Bij de beoordeling van een aanvraag die aan alle toetsingscriteria voldoet, kent het College punten toe aan de hand van de volgende aspecten en tot het daarbij vermelde maximumaantal van 30 punten:

  • a.

    kwalitatieve versterking en/of artistieke vernieuwing (15);

  • b.

    bereik van potentiele deelnemers (5);

  • c.

    samenwerking met andere culturele organisaties, inwoners en fondsen (5);

  • d.

    verwerven van andere inkomstenbronnen naast Gemeentelijke subsidie (5).

Wat betekenen de beoordelingscriteria?

Beoordelingscriteria onder a: zie artikelbeschrijving artikel 8 nieuw/vernieuwend;

Beoordelingscriteria onder b: de mate van intentie/inspanning door de subsidieaanvrager hoe de potentiele bezoekers/deelnemers te gaan bereiken/uitnodigen;

Beoordelingscriteria onder c: de mate van intentie/inspanning door de subsidieaanvrager om haar subsidieactiviteiten in samenwerking met andere culturele organisaties, inwoners en fondsen op te zetten.

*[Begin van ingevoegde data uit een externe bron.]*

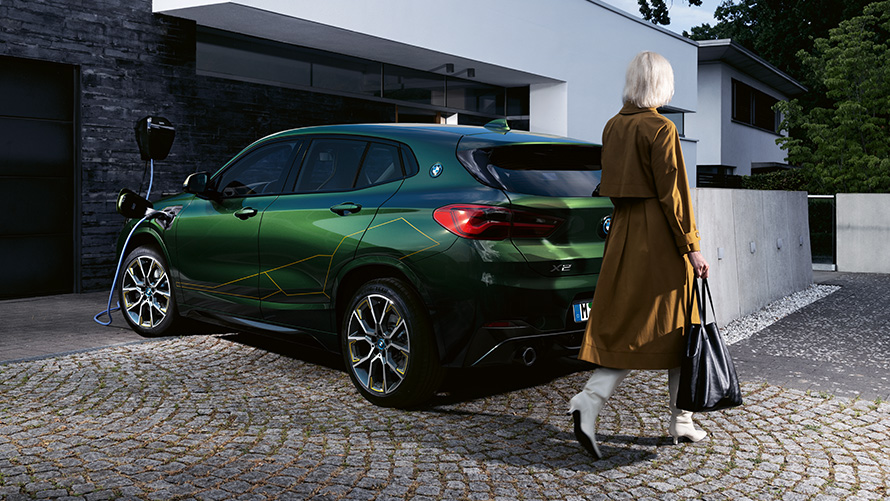 BMW X2 F39 Sanremo Green metalizado, vista de tres cuartos de la zaga, con modelo BMW X2 F39 Sanremo Green metalizado, vista de tres cuartos de la zaga, con modelo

Beoordelingscriterium onder d: de mate van intentie/inspanning door de subsidieaanvrager om via meerdere inkomstenbronnen de financiering te faciliteren.

Artikel 10. Onvoorziene omstandigheden en hardheidsclausule

Dit artikel behoeft geen nadere toelichting.

Artikel 11. Slotbepalingen

Dit artikel behoeft geen nadere toelichting.